Parallelization of a Subgrid Orographic Precipitation
Scheme in an MM5-based Regional Climate Model
L. Ruby Leung (1), John G. Michalakes (2), and Xindi Bian (1)
(1) Atmospheric Science and Global Change Resource,
Pacific Northwest National Laboratory,
Richland, WA 99352, USA
{ruby.leung, xindi.bian}@pnnl.gov
(2) Mathematics and Computer Science Division,
Argonne National Laboratory,
Argonne, IL 60439, USA
michalak@mcs.anl.gov
Regional Climate Models (RCMs) are practical downscaling tools to yield
regional climate information for assessing the impacts of climate
variability and change. The Pacific Northwest National Laboratory
(PNNL) RCM, based on the Penn State/NCAR Mesoscale Model (MM5),
features a novel subgrid treatment of orographic precipitation for
coupling climate, hydrologic, and ecologic processes at the watershed
scale. The parameterization aggregates subgrid variations of surface
topography into a finite number of surface elevation bands. An airflow
model and a thermodynamic model are used to parameterize the orographic
uplift/descent as air parcels cross over mountain barriers or valleys.

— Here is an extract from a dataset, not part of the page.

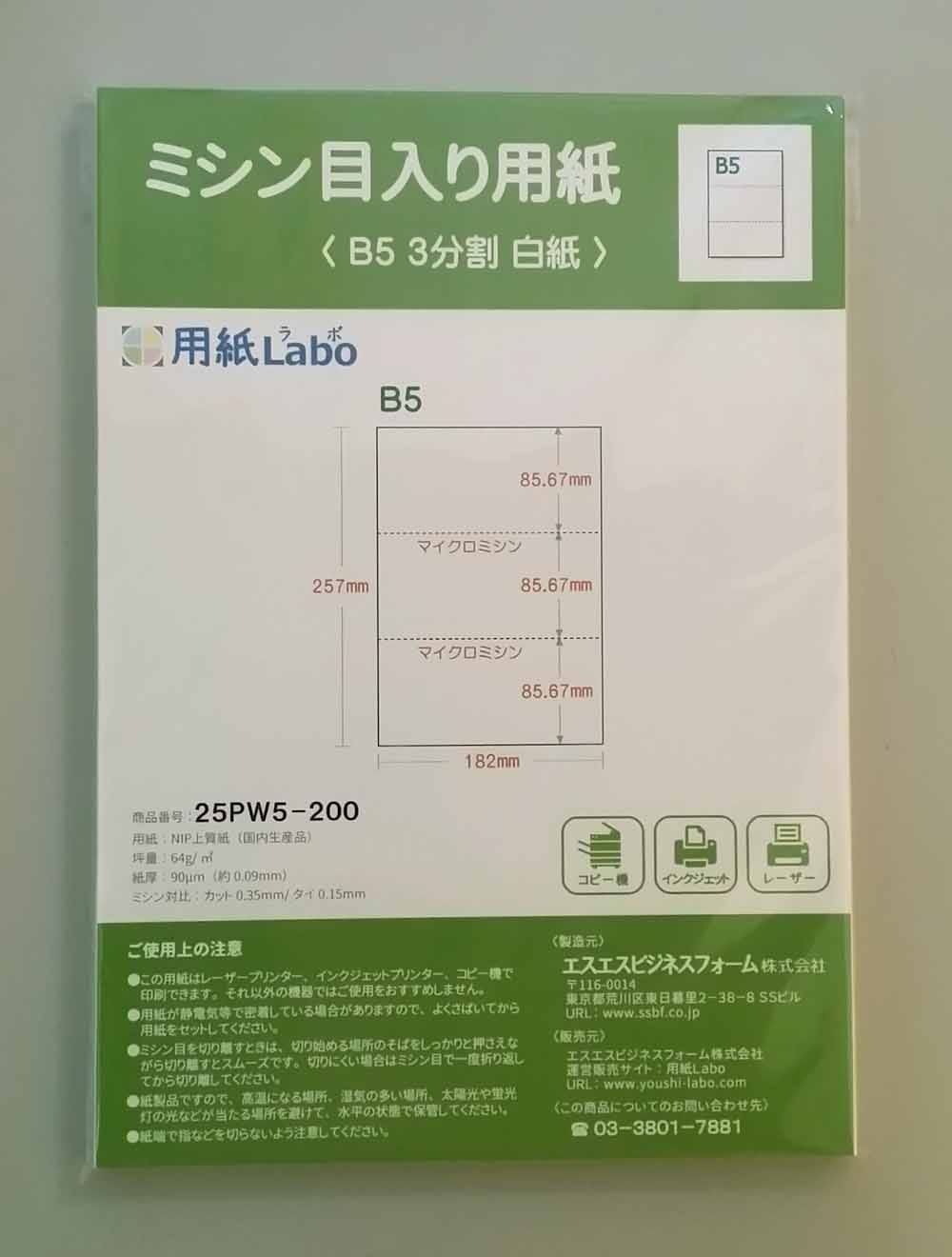 ミシン目入り用紙】 B5 3分割 白紙 | 用紙Labo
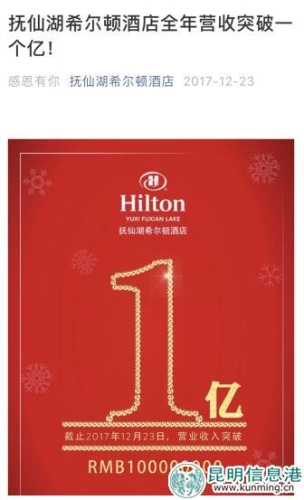 QQ截图20180606141522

The parameterization has significant performance advantages over
nesting to achieve comparable resolution of climate information;
however, previous implementations of the subgrid scheme required
significant modification to the host MM5 model, prohibiting its
incorporation within the NCAR-supported community version of MM5. With
this effort, software engineering challenges have been addressed to
incorporate, parallelize, and load-balance the PNNL subgrid scheme with
minimum changes to MM5. The result is an efficient, maintainable tool
for regional climate simulation and a step forward in the development
of an MM5-based community regional climate model.